The instinct is to treat lag as a failure:
“Why are we behind?”
But lag isn’t inherently bad. Lag is information.
It tells you:
- how far behind you are relative to incoming data
- whether your system is keeping up
- how much headroom you have
Lag wasn’t telling us something was broken, it was telling us how far behind reality we were.
Sometimes lag is expected. Sometimes it’s acceptable. In some cases, it’s even useful as a buffer against spikes.
The key is understanding what normal looks like.
Once you do, lag becomes one of the most powerful tools for reasoning about system performance and scaling decisions.
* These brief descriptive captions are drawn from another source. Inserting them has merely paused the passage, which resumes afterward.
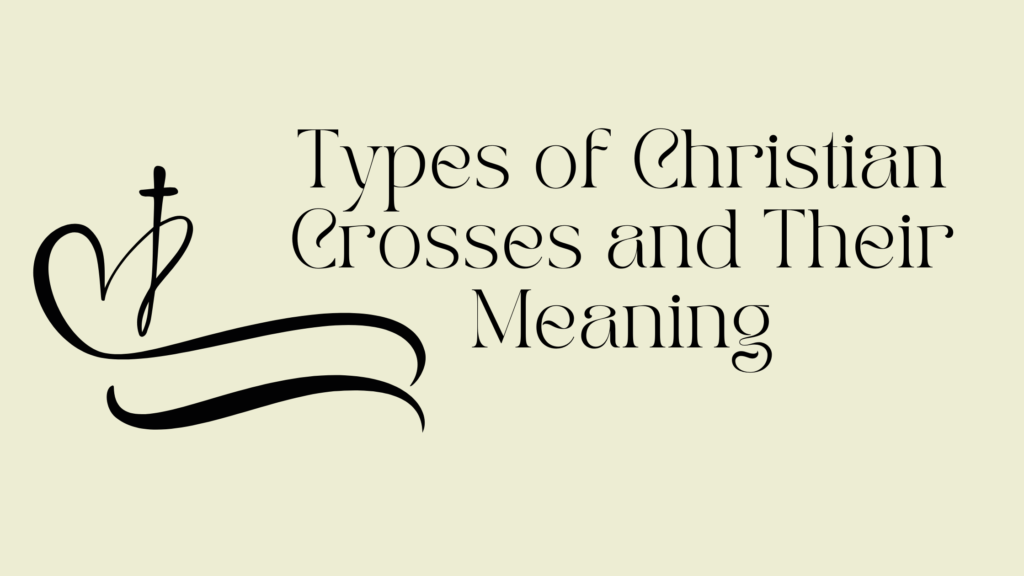 Types of Christian Crosses and Their Meaning Lacorona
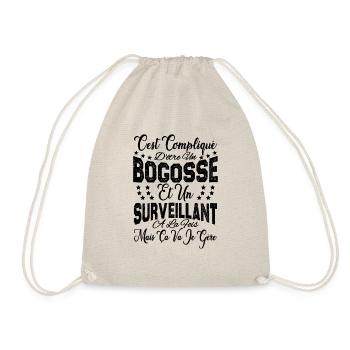 c'est compliqué être un Bogosse et un Surveillant. - Sac de sport léger - nature - Devant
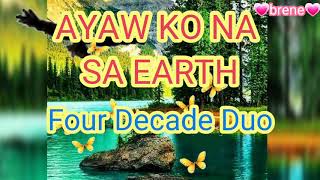 #FourDecadeDuo AYAW KO NA SA EARTH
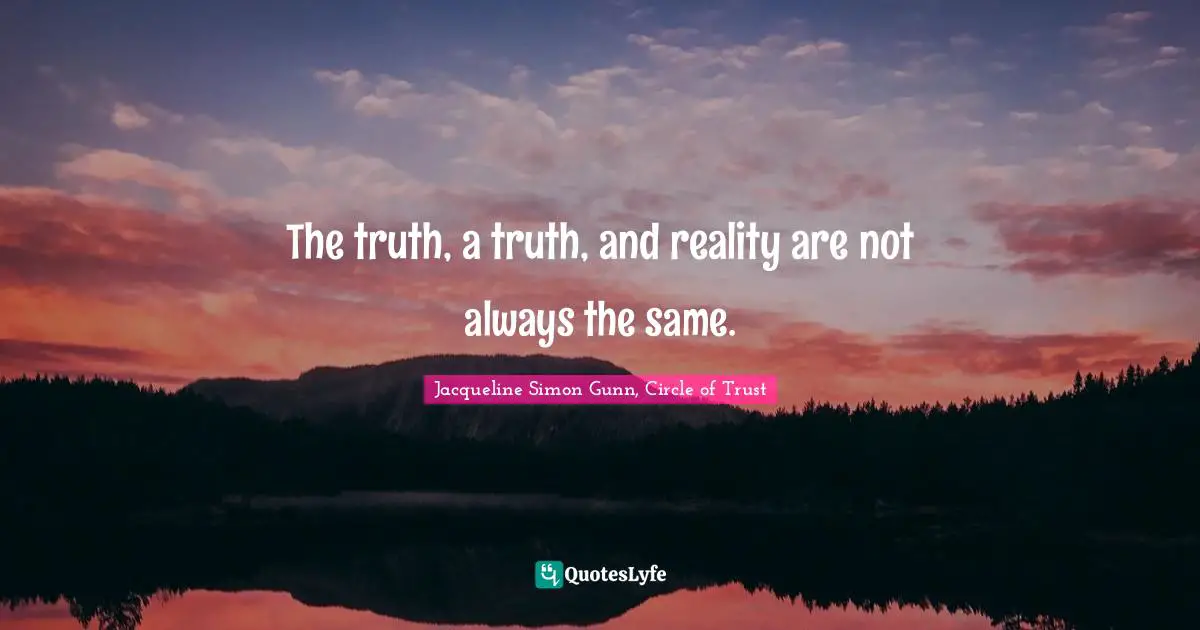 The truth, a truth, and reality are not always the same.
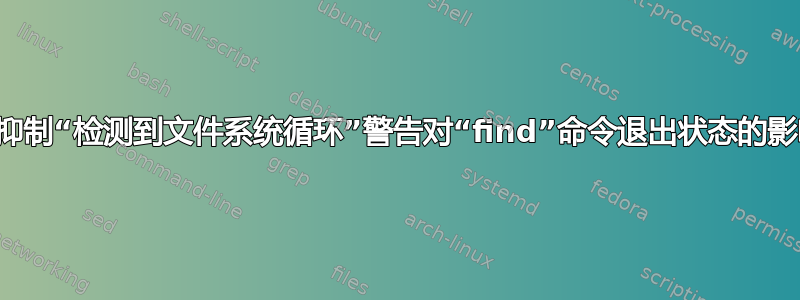 如何抑制“检测到文件系统循环”警告对“find”命令退出状态的影响？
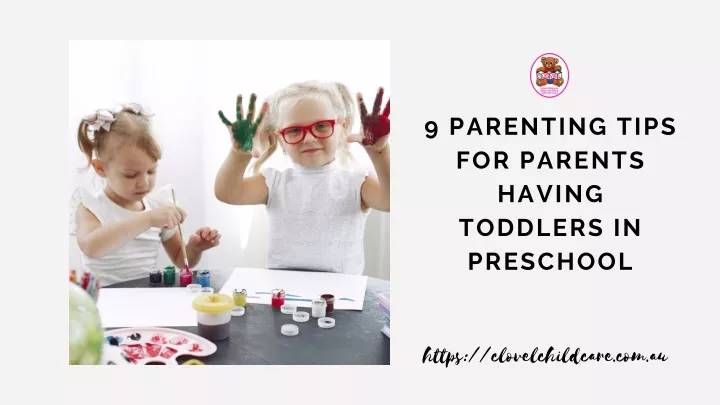 PPT - 9 Parenting Tips For Parents Having Toddlers In Preschool ...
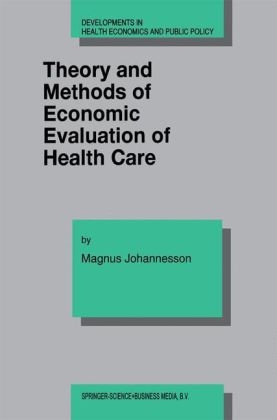 Theory and Methods of Economic Evaluation of Health Care -  Magnus Johannesson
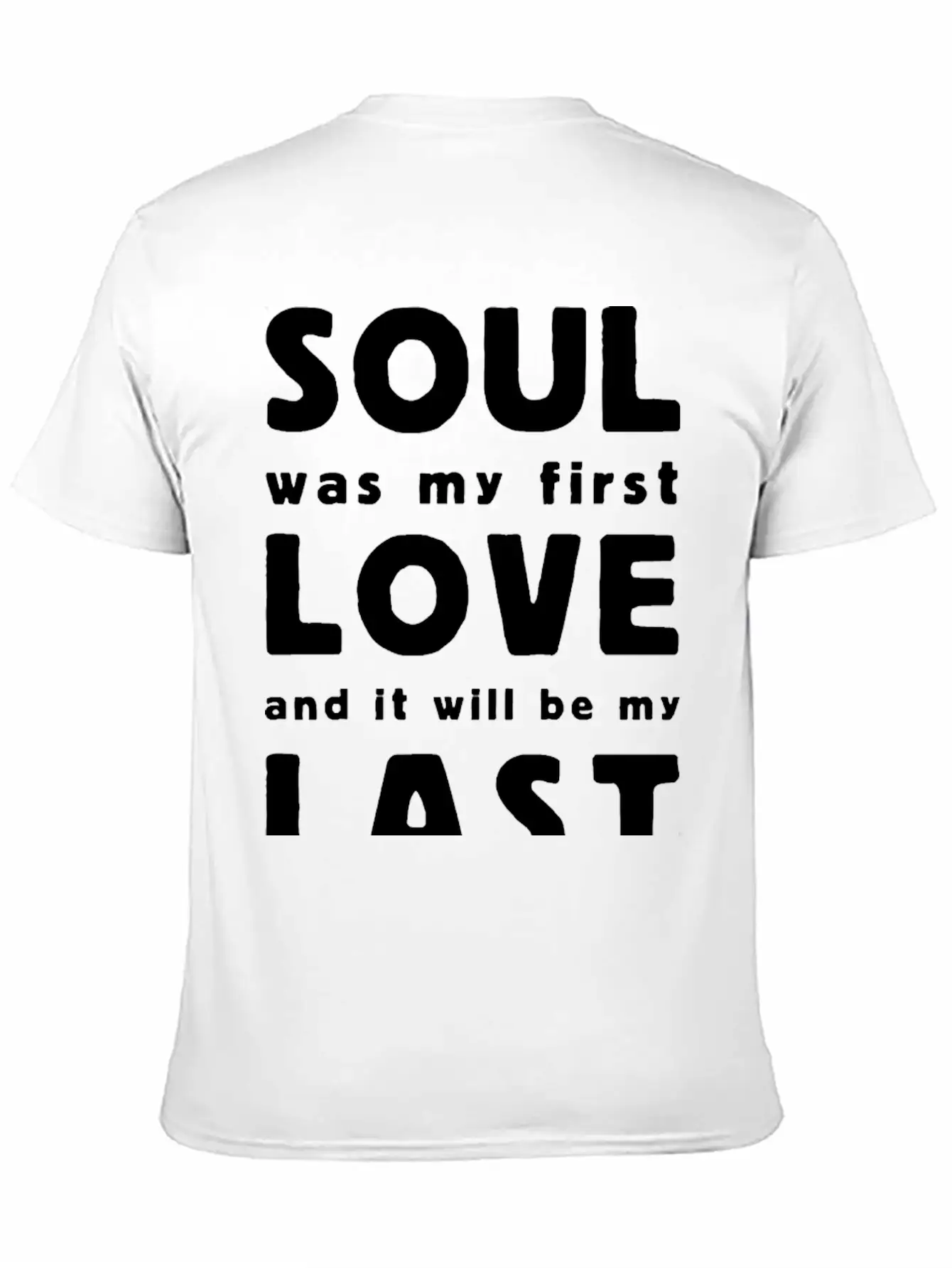 Soul Was My First Love Essential Cotton Tee For Daily Outfits – Unisex Style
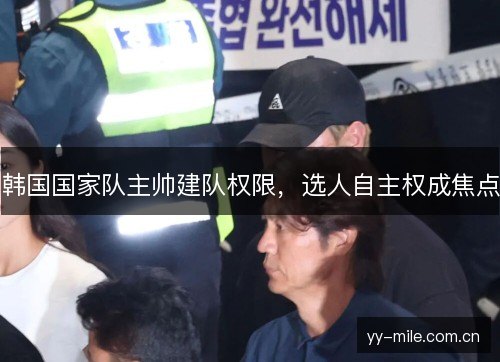 韩国国家队主帅建队权限,选人自主权成焦点 韩国国家队主帅建队权限,选人自主权成焦点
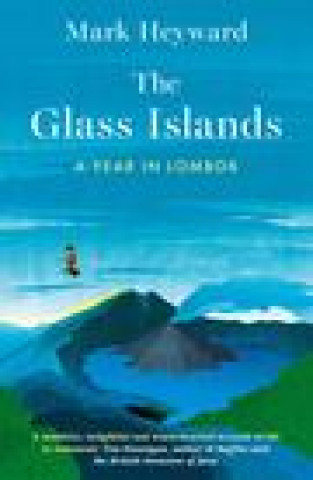 GLASS ISLANDS A YEAR IN LOMBOK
It’s not just a metric, it’s a signal.
Scaling Is a Result, Not a Lever
Early on, scaling feels simple:
“We need more replicas.”
But that’s not really a solution, it’s a reaction; and one that I have to fight hard.
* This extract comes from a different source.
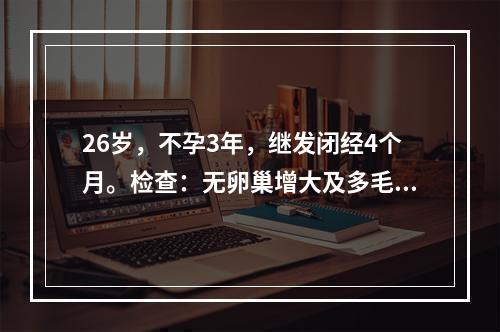 26岁，不孕3年，继发闭经4个月。检查：无卵巢增大及多毛症，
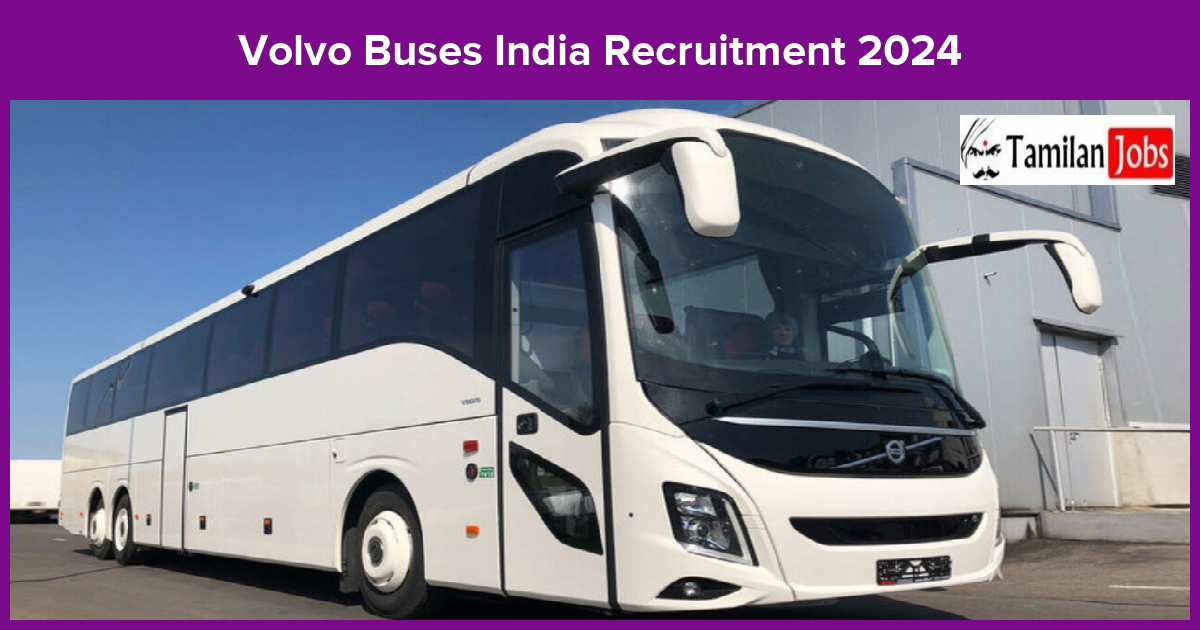Volvo Buses India Recruitment 2024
As I spent more time understanding how the system behaved, that thinking evolved into something more precise:
“What signals should actually drive scaling?”
Scaling decisions should come from:
- consumer lag trends
- throughput versus ingestion rate
- processing time per message
Not just:
- CPU spikes
- memory pressure
- a general sense that “things look busy”
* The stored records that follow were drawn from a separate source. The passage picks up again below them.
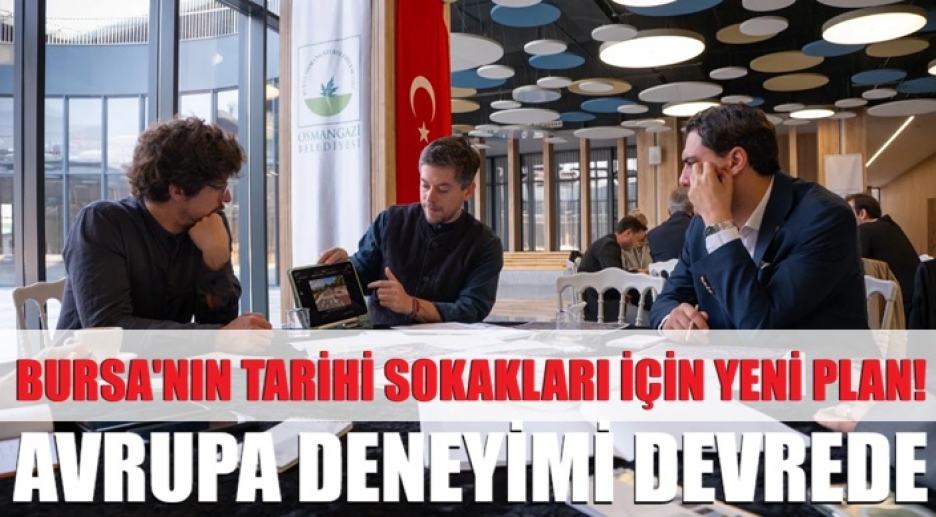 Osmangazi’de tarihi dokuya uygun ulaşım çözümleri geliştiriliyor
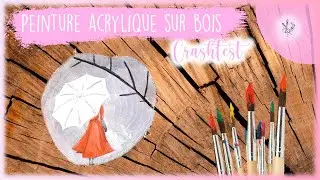 Peinture acrylique sur bois (#crashtest)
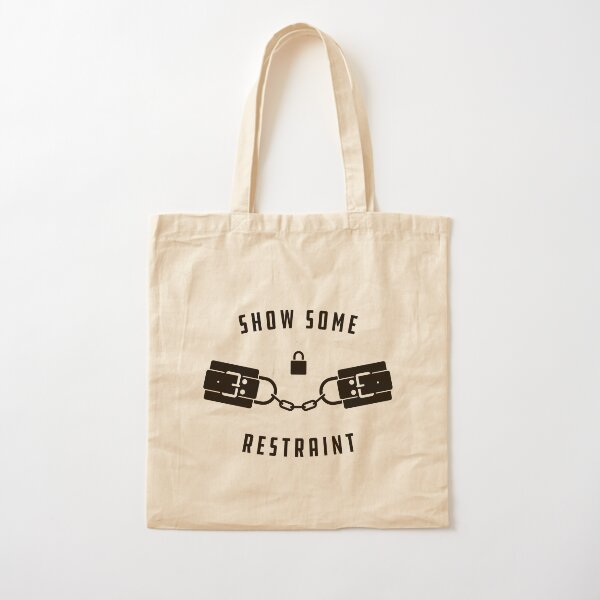 Show Some Restraint Cotton Tote Bag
Auto-scaling is only safe when you understand what you’re scaling for.
Auto-scaling a system you don’t understand is just a faster way to make bigger mistakes.
If you don’t understand lag, you might scale unnecessarily.
If you don’t understand processing characteristics, you might over-scale or thrash.
If your bottleneck isn’t the consumer, scaling won’t help at all.
At one point, it was tempting to jump straight to auto-scaling; let Kubernetes and Kafka sort it out. But without a clear understanding of what “healthy” looked like, that would have just turned guesswork into automation.
Now that I’m starting to understand what these signals actually mean, the next step becomes much more interesting; not just scaling manually, but allowing the system to scale itself based on those signals.
Scaling replicas. Possibly even scaling nodes. But only after understanding.
Auto-scaling isn’t where you start, it’s where you arrive.
Performance Is About Feedback Loops
One of the most surprising challenges wasn’t tuning the system, it was defining what “good performance” even meant.
Most conversations start with:
- throughput
- latency
- scaling
But in a big data system, those are derived concerns.
For me, one of the most important questions became:
Is this fast enough for me to actually work with it?
If a workflow takes too long:
- I can’t iterate quickly
- I can’t debug effectively
- I lose context between runs
If I have to wait too long to see results, I’m no longer debugging, I’m guessing.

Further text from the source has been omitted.